In terms of the decomposition depicted in figure 2, this terminology uses two sets of modifiers
for “growth” to describe two different components of any growth episode. On the one hand,
changes in overall income or consumption continue to be described as more or less rapid,
suggesting movement along the 45° line. On the other hand, net changes in the income or
consumption of the initially poor are described as more or less “pro-poor,” corresponding to the
vertical component of each growth episode, shown on the vertical axis. The two are linked by
the contemporaneous change in the income distribution, which again can be described as “pro-
poor,” “pro-rich,” etc. Compared with the distribution-focused terminology, this decomposition
offers a significant improvement in clarity. On the other hand, using the word “growth” to
describe two of the three components of any growth episode as decomposed in figure 2, while
also using “pro-poor” or similar phrases to describe two of those three components, seems to
entail a loss of clarity relative to Option 1 as outlined above. On that basis, this author would
cast a vote in favor of Option 1 – a full-blown shift in the terminology, eliminating “pro-poor” as
a potential modifier of “growth” and applying it exclusively to describe changes in distribution.
14
15. Before closing, it is worth mentioning a third option, which has arisen from analytical work
conducted under USAID’s “pro-poor economic growth” activity. Different outputs from this
activity appear to use the phrase “pro-poor growth” in both of the senses identified in this paper.

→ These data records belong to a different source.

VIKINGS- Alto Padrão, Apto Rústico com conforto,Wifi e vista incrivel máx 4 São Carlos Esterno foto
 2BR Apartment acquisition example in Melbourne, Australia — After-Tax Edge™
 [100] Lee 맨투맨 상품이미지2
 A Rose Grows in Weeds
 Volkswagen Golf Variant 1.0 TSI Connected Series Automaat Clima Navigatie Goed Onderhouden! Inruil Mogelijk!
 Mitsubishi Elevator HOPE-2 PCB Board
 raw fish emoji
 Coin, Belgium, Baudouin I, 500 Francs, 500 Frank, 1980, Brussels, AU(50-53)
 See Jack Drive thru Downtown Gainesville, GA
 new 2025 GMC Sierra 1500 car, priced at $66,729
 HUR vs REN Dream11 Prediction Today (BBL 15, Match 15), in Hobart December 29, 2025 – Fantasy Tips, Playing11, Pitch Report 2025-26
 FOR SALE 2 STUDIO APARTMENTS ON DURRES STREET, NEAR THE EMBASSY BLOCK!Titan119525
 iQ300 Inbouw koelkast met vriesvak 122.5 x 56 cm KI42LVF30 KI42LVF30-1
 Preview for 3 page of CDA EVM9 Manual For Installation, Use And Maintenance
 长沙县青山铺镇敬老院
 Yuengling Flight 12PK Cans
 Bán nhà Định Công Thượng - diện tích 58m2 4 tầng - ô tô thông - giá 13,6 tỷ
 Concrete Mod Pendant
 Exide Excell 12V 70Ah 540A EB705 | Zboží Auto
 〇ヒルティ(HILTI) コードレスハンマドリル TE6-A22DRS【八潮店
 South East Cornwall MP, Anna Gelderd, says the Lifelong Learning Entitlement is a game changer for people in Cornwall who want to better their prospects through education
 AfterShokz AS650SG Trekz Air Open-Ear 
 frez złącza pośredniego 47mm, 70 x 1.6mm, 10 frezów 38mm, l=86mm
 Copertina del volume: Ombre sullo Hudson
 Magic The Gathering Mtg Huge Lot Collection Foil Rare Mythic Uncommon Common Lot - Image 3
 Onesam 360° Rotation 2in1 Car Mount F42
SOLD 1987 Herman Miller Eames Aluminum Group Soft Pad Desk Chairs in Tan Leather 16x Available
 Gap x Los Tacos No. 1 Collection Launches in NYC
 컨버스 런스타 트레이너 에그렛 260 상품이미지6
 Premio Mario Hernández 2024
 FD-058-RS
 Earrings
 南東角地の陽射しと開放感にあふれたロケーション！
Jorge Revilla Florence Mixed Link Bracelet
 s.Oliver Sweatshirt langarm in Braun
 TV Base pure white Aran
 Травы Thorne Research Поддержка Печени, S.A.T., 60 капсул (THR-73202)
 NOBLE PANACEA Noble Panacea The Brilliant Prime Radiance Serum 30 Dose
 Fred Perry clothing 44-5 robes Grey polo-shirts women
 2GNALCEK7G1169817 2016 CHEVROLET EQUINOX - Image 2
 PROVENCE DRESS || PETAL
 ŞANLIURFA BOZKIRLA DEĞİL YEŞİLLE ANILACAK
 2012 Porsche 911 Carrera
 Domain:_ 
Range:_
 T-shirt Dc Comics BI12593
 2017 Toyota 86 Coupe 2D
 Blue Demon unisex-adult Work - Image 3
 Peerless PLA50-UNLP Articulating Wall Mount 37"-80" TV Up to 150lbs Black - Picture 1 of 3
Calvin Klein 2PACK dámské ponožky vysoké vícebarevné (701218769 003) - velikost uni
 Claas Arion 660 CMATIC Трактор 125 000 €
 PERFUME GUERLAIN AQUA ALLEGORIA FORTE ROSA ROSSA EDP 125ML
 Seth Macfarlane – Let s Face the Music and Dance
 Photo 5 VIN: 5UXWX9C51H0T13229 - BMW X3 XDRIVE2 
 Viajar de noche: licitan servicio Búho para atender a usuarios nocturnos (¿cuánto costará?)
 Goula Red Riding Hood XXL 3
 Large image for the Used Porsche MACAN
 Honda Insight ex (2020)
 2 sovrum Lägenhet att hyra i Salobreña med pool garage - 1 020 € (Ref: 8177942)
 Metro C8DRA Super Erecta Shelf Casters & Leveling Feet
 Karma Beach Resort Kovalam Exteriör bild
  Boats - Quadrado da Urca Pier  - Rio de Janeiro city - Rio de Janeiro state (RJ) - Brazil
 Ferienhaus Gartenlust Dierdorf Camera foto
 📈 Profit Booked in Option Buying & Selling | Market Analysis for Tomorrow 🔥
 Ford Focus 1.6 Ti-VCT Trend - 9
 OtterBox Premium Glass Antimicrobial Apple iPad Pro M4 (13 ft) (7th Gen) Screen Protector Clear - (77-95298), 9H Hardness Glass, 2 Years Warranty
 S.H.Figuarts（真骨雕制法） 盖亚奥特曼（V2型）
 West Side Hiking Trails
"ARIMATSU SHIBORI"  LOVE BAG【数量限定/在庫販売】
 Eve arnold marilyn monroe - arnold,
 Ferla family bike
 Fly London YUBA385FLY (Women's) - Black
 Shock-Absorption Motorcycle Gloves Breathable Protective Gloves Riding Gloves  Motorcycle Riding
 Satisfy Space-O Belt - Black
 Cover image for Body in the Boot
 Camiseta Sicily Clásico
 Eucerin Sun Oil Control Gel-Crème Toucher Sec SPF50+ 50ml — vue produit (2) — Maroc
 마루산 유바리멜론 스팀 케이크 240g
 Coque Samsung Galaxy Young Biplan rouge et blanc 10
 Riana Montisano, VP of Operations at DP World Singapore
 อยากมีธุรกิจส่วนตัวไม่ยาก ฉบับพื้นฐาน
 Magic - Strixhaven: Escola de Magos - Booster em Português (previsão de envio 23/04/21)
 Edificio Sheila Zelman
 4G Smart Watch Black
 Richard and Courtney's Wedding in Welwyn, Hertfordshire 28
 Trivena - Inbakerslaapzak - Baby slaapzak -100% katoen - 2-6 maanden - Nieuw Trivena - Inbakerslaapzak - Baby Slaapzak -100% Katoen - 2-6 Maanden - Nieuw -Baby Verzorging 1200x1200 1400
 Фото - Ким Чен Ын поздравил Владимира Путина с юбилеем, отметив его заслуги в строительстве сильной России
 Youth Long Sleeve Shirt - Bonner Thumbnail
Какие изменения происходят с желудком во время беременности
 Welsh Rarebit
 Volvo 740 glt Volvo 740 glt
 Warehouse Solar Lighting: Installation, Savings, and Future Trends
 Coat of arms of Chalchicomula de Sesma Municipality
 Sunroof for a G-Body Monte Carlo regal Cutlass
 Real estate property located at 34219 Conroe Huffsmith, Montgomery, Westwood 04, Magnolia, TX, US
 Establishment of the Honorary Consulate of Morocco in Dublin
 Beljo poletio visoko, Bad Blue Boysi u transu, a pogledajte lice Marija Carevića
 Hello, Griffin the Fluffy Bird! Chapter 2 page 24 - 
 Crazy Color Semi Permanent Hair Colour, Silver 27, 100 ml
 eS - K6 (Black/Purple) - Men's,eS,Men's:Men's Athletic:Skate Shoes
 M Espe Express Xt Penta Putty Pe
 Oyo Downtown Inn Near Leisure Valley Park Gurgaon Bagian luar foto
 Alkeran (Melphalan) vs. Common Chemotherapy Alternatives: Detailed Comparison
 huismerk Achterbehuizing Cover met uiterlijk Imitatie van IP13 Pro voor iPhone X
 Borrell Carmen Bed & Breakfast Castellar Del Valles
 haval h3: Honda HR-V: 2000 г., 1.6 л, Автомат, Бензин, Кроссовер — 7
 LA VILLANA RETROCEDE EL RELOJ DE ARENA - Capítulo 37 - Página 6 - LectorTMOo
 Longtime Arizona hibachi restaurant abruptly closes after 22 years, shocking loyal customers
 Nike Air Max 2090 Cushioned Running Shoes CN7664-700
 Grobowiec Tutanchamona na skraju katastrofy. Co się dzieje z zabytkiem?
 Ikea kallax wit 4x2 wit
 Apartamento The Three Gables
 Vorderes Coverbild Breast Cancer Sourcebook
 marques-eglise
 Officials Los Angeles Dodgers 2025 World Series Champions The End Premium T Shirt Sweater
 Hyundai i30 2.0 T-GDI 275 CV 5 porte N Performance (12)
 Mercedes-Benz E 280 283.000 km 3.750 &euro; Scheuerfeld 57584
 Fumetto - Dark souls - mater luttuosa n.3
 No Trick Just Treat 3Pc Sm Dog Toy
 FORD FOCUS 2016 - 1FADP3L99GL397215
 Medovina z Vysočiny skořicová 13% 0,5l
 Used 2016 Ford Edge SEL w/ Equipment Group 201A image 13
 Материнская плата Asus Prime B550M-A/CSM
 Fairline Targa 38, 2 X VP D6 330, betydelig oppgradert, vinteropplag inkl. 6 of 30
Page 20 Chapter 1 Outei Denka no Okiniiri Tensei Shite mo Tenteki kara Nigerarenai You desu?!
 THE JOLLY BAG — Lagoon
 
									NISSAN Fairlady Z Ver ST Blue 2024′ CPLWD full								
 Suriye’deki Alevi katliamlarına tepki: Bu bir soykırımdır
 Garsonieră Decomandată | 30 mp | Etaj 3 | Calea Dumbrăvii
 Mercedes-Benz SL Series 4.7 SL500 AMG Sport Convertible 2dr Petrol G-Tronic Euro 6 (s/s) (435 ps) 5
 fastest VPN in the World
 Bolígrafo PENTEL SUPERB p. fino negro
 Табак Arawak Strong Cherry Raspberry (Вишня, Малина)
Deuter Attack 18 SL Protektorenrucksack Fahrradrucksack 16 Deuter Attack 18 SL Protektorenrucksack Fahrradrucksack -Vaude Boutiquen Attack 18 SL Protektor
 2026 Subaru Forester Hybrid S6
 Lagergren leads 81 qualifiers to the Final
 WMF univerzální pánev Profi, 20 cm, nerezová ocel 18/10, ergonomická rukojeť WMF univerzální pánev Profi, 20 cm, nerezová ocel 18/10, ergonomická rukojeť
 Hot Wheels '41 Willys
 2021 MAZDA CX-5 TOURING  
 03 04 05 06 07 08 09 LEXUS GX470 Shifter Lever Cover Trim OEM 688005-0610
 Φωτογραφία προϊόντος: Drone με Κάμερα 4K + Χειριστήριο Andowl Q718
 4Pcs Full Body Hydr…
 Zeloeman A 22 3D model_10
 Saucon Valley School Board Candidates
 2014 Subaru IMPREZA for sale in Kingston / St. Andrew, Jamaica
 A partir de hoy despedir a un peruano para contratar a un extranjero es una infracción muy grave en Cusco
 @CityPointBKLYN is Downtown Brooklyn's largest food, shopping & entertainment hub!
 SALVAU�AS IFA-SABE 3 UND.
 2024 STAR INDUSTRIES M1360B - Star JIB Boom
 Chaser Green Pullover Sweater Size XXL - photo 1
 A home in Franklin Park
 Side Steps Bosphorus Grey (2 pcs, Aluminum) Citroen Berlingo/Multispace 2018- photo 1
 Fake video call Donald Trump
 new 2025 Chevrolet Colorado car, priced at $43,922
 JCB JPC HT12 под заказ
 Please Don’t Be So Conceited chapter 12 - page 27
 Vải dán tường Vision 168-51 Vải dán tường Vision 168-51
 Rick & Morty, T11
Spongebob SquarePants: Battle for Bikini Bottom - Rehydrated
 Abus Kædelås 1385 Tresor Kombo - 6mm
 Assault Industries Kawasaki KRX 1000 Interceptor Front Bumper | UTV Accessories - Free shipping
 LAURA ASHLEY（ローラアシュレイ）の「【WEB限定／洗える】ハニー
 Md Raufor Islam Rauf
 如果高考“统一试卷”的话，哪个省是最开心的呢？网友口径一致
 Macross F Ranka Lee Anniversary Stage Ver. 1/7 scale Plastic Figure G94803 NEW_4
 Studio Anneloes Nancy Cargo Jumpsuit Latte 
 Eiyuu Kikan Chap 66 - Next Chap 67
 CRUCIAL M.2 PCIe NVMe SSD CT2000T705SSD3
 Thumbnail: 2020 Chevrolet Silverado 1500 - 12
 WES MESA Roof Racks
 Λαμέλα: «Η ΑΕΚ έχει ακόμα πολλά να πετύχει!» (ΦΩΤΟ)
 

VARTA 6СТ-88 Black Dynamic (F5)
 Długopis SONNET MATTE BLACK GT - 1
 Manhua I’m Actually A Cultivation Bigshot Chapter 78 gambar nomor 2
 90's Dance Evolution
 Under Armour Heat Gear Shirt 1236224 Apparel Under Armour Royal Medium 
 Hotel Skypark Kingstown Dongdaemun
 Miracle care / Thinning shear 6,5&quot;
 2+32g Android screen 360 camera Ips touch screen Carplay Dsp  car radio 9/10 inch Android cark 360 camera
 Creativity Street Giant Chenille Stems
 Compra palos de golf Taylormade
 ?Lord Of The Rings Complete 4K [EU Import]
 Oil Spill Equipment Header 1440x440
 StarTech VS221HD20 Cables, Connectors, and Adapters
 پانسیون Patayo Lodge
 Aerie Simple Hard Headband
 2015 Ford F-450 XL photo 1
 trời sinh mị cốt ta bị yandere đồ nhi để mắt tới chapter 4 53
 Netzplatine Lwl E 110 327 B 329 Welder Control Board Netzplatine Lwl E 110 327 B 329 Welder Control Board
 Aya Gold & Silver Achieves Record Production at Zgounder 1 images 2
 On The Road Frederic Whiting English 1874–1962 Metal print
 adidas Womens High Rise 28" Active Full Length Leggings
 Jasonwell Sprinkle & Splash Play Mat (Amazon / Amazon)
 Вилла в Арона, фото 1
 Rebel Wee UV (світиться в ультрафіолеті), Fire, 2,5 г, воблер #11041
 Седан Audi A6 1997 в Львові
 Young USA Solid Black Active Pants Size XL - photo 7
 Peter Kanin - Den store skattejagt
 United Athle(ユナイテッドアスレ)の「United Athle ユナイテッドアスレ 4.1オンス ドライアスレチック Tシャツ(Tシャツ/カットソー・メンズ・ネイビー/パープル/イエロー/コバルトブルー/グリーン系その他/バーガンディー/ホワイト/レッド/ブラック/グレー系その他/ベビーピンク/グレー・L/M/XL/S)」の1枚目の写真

However, these analyses also introduce the concept of a “pro-poor economic growth policies.”
The shift in attention from “growth” to “policies” is significant. Rather than focusing on the
overall change in the position of the poor, or on the change in their position relative to others,
this framework attempts to unbundled the various components of the policy framework, and
assess the their individual impact on the rate of overall rate of growth and on growth in the
income or consumption of the poor. That is, rather than worrying about overall changes, which
are subject to large forces outside the control of policy makers, this framework looks for
opportunities to “tweak” the overall change through selective improvements in policies. In
particular, the analytical work seeks to identify policy changes that have the potential to boost
the rate of economic growth while simultaneously enabling the poor to gain a larger income
share – all other things held equal. The good news here is that, by concentrating on the impacts
of individual policies, this framework almost automatically sticks to issues of relevance to policy
makers, rather than getting bogged down in matters that are often outside the control of policy
makers and even more often off limits for donors. The bad news is that the phrase “pro-poor
economic growth policies” tends to fall apart in discussion, leading to more unproductive and
inconclusive discussion of the meaning of “pro-poor growth” before moving on to the
analytically valuable discussion of policies.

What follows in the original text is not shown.